What You Missed This Week in EVs and Clean Energy

Institutional investors and professional traders rely on The Fly to keep up-to-the-second on breaking news in the electric vehicle and clean energy space, as well as which stocks in these sectors that the best analysts on Wall Street are saying to buy and sell.

From the hotly-debated high-flier Tesla (TSLA), Wall Street’s newest darling Rivian (RIVN), traditional-stalwarts turned EV-upstarts GM (GM) and Ford (F) to the numerous SPAC-deal makers that have come public in this red-hot space, The Fly has you covered with “Charged,” a weekly recap of the top stories and expert calls in the sector.

TESLA DELIVERIES: Tesla said it produced 479,700 vehicles in Q2 and delivered 466,140 of them. The company produced 19,489 of the Model S and X with deliveries of 19,225 and 8% subject to operating lease accounting. Tesla also produced 460,211 of the Model 3 and Y with deliveries of 446,915 and 5% subject to operating lease accounting.

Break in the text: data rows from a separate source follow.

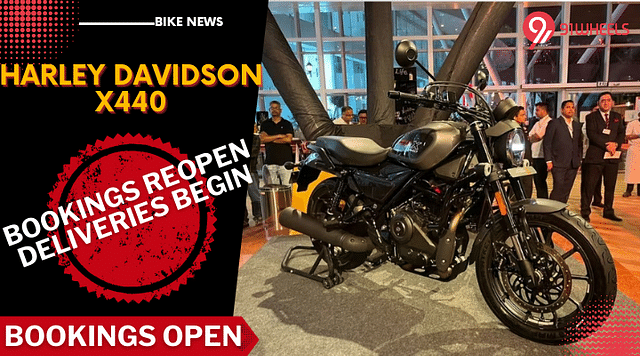 Harley Davidson X440 Booking Window Reopens: Deliveries Begin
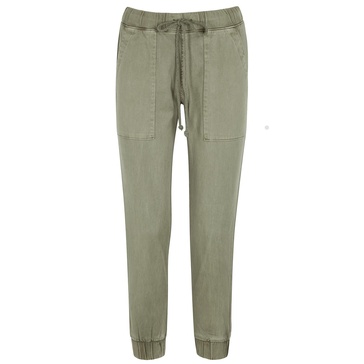 Tencel-blend trousers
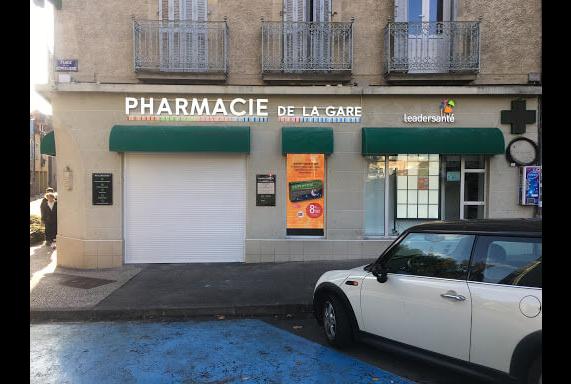 Magasin Pharmacie de la Gare - Villefranche-de-Rouergue (12200) Visuel 1
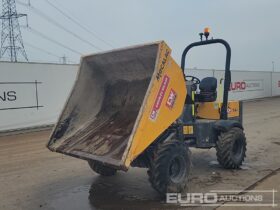 2018 Mecalac TA3 Site Dumpers For Auction: Leeds -27th, 28th, 29th, 30th November 24 @ 8:00am full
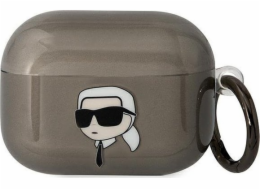 Karl Lagerfeld Karl Lagerfeld Kryt KLAPHNIKTCK AirPods Pro černo/černý Karl`s Head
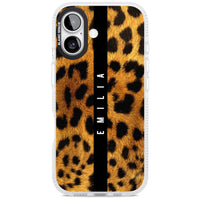 Personalisierter Leopardendruck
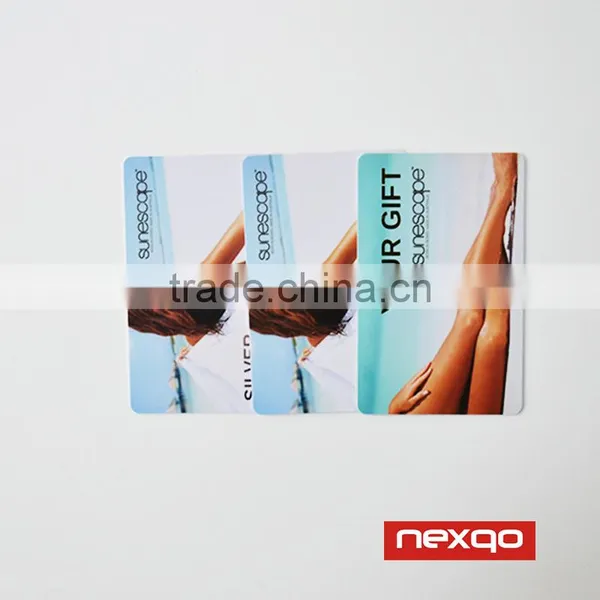 Full Color Printing Plastic Card, VIP Card Printing, Pvc Membership Card Printing photo-3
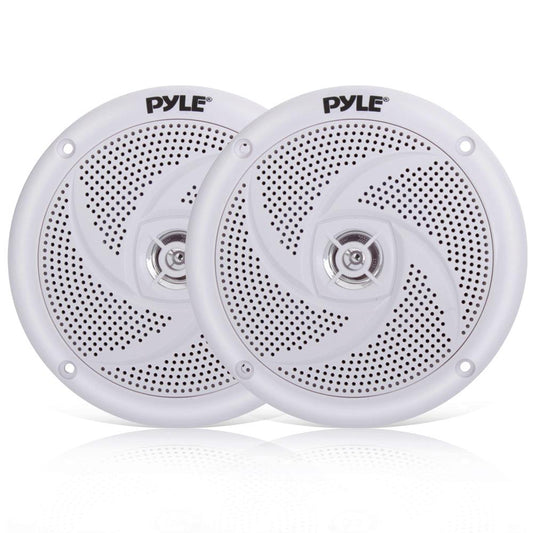 Reproduktory Marine 100W, vodotěsné, štíhlé provedení, 4 kusy, bílé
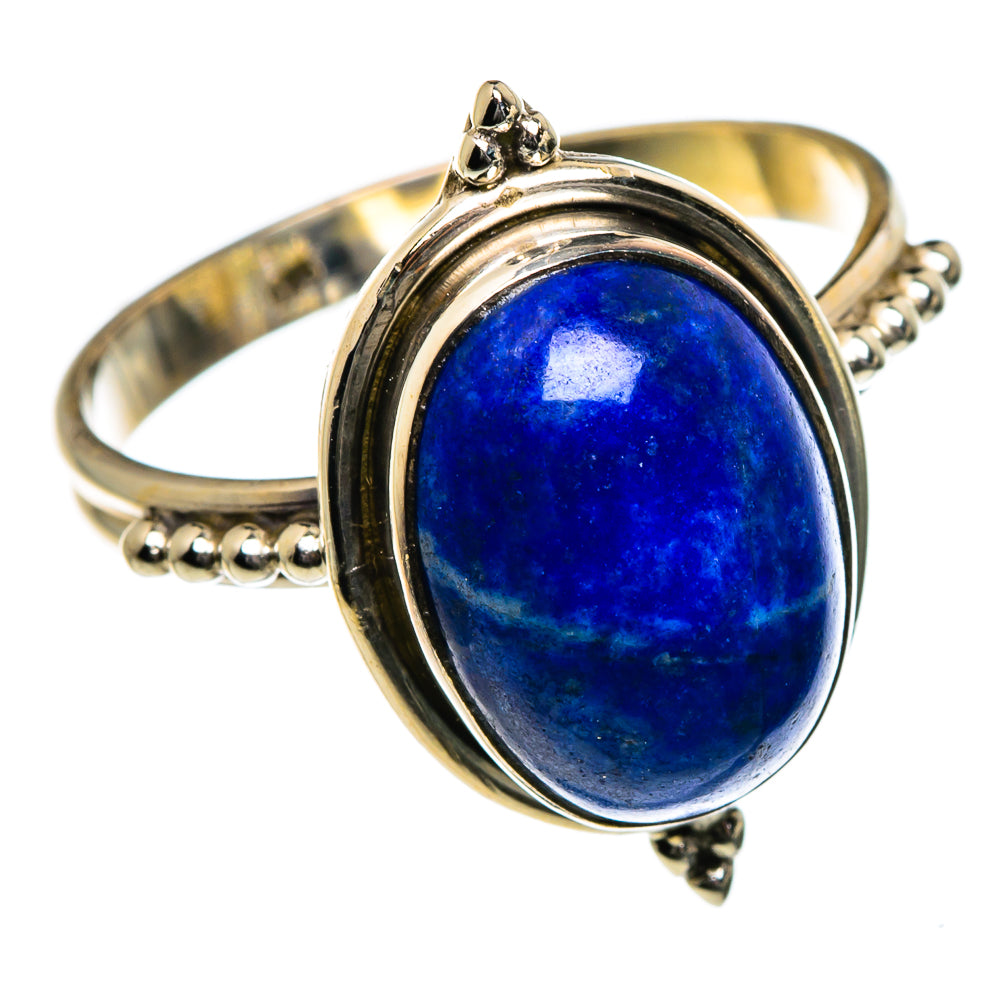 Lapis Lazuli Rings handcrafted by Ana Silver Co - RING84513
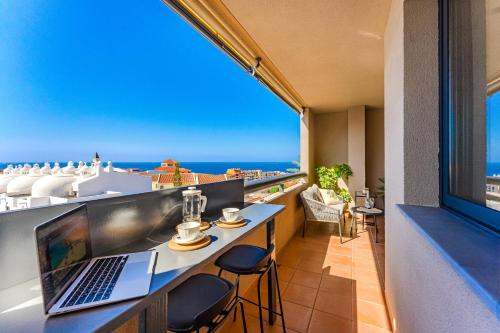Sea View Family Apartment Heated Pool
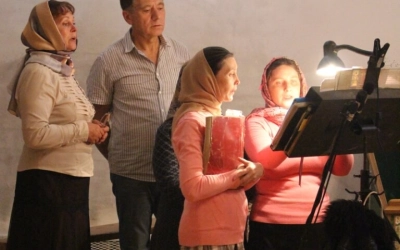 Всенощное бдение накануне Недели 16-й по Пятидесятнице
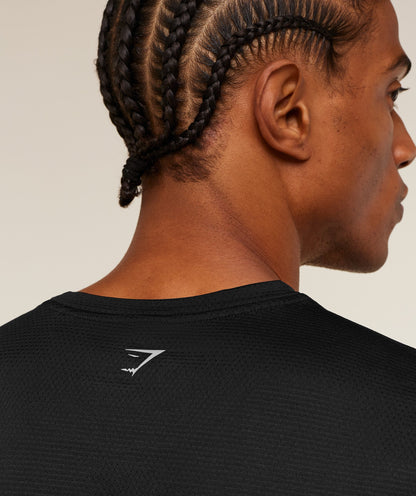 Gymshark Built For More T-Shirt - GS Black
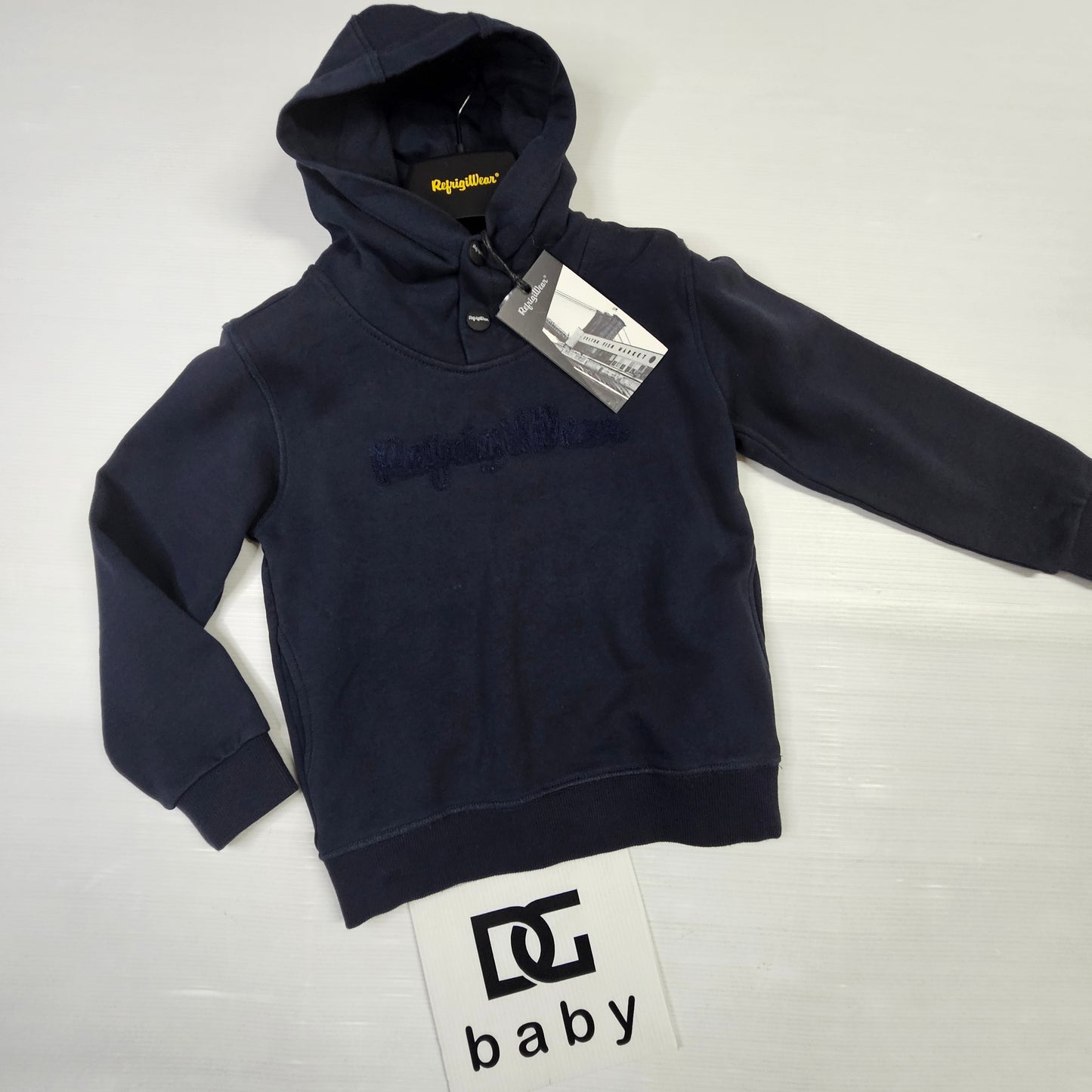 Felpa Refrigiwear RW726 con Cappuccio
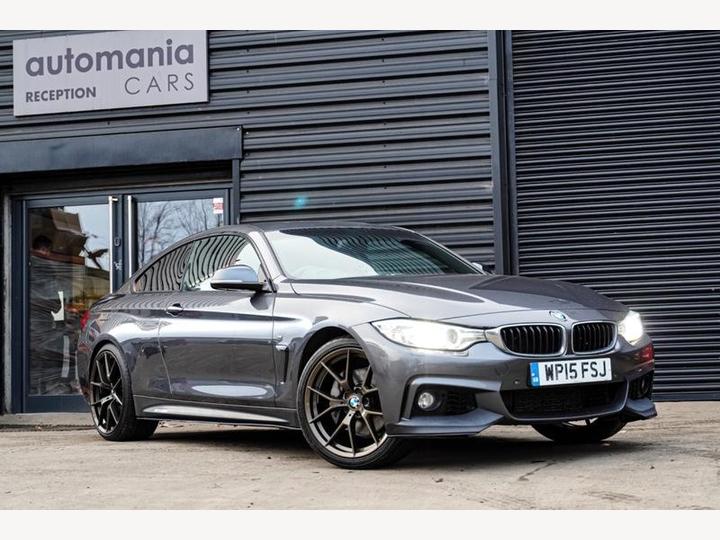 BMW 4 SERIES 3.0 435d M Sport Auto XDrive Euro 6 (s/s) 2dr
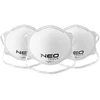 Neo Tools Półmaska przeciwpyłowa jednorazowa FFP2, 3 vnt., CE
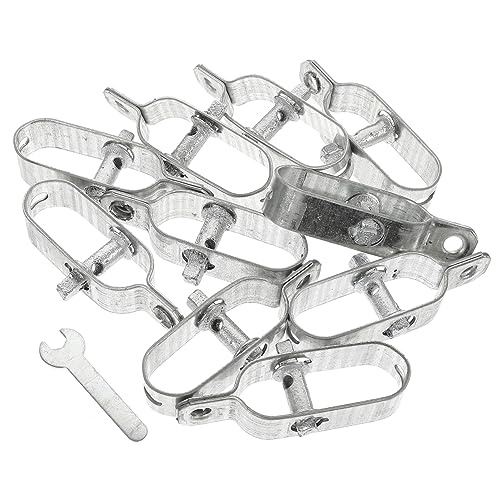 Mikinona 10 Stück Teiliges Drahtseil Spanner aus Robustem Eisen Rostbeständig Verschleißfest Vielseitig Einsetzbar für Kabel Seile und Garten Leichte Bedienung Langlebig und Zeitsparend Mikinona 10 Stück Teiliges Drahtseil Spanner aus Robustem Eisen Rostbeständig Verschleißfest Vielseitig Einsetzbar für Kabel Seile und Garten Leichte Bedienung Langlebig und Zeitsparend von Mikinona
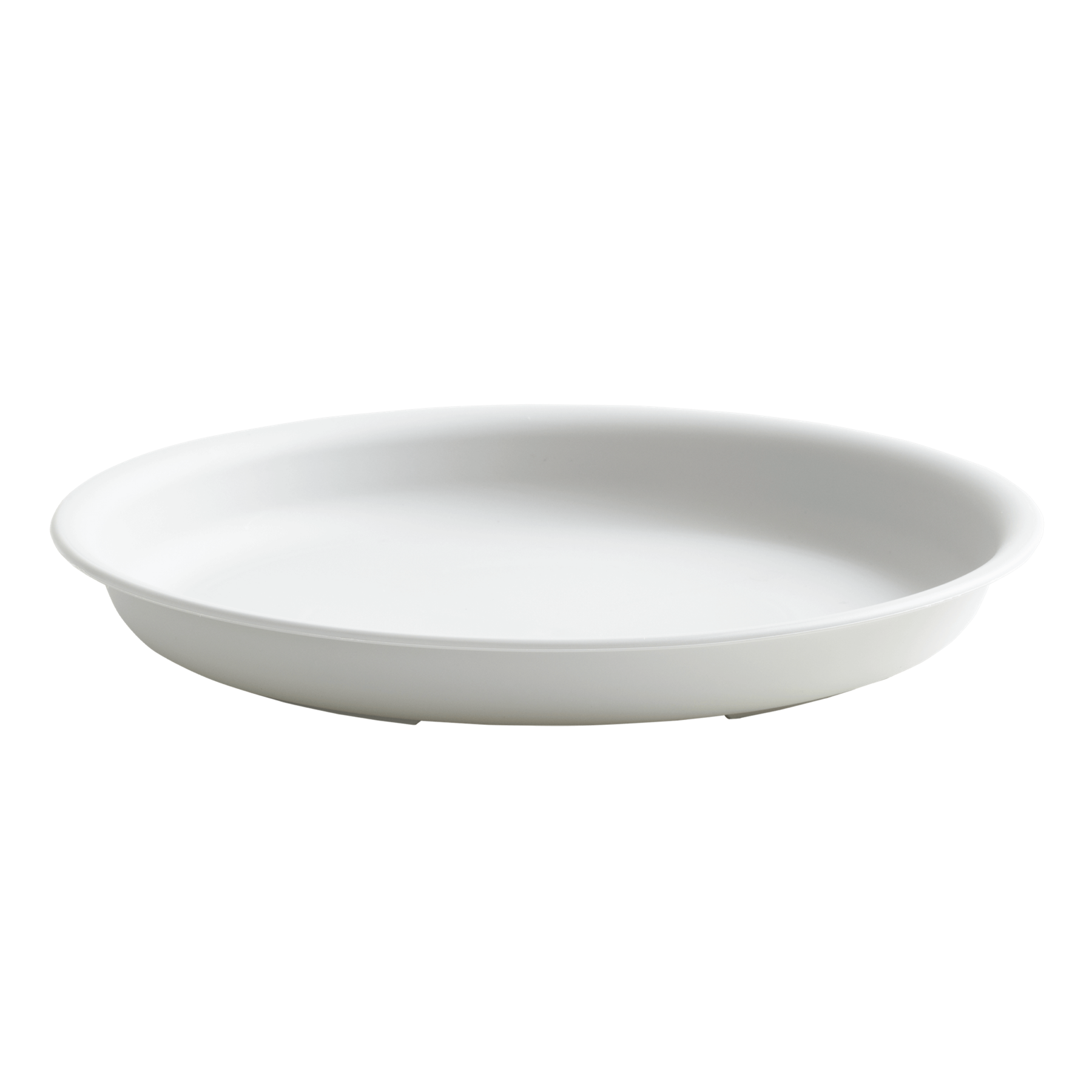 Vista 28.5cm Round Saucer Upcycled Grey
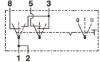 Switch 0-I-II 12/24V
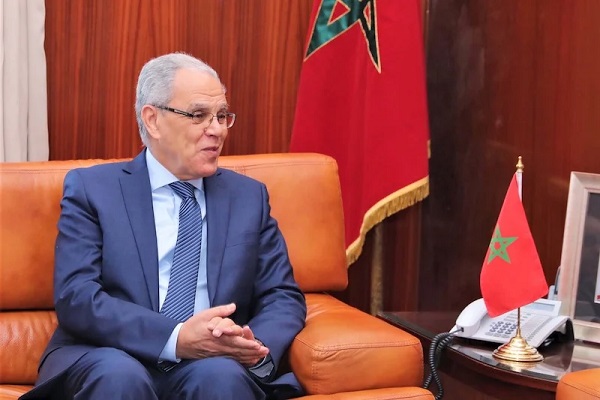 M. Loudyi reçoit le ministre délégué allemand de la Défense 1 Abdeltif Loudyi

Commenting on the news, Barclays says Tesla “cleared the bar” in Q2 as its deliveries of 466,140 vehicles beat the consensus estimate of 447,000. The focus now shifts to the company’s Q2 margin, the analyst tells investors in a research note. Tesla’s production continues to outpace deliveries, albeit at a declining pace, and it is on track to meet its 1.8M 2023 guidance, says the firm. However, Barclays believes questions remain on a “margin floor” and demand elasticity as inventory build continues. It keeps an Equal Weight rating on Tesla with a $260 price target.

More upbeat on the name, Wedbush noted that Tesla just announced its highly anticipated Q2 delivery numbers, which strongly beat the Street’s targets in what the firm believes is proof to combat the narrative of a murky backdrop and put the bears back into hibernation mode in what could be a short covering for the ages. Price cuts implemented early in 2023 have paid major dividends for Tesla as demand appears to remain very strong and production efficiencies have allowed for the massive deliveries beat this quarter, the firm says. Overall, Wedbush believes Tesla is still on track to hit its 1.8M-unit delivery bogey for the year with this performance and should be able to do it with a margin story that troughs over the next 1-2 quarters and ramps back up into FY24. The firm has an Outperform rating on the shares with a price target of $300.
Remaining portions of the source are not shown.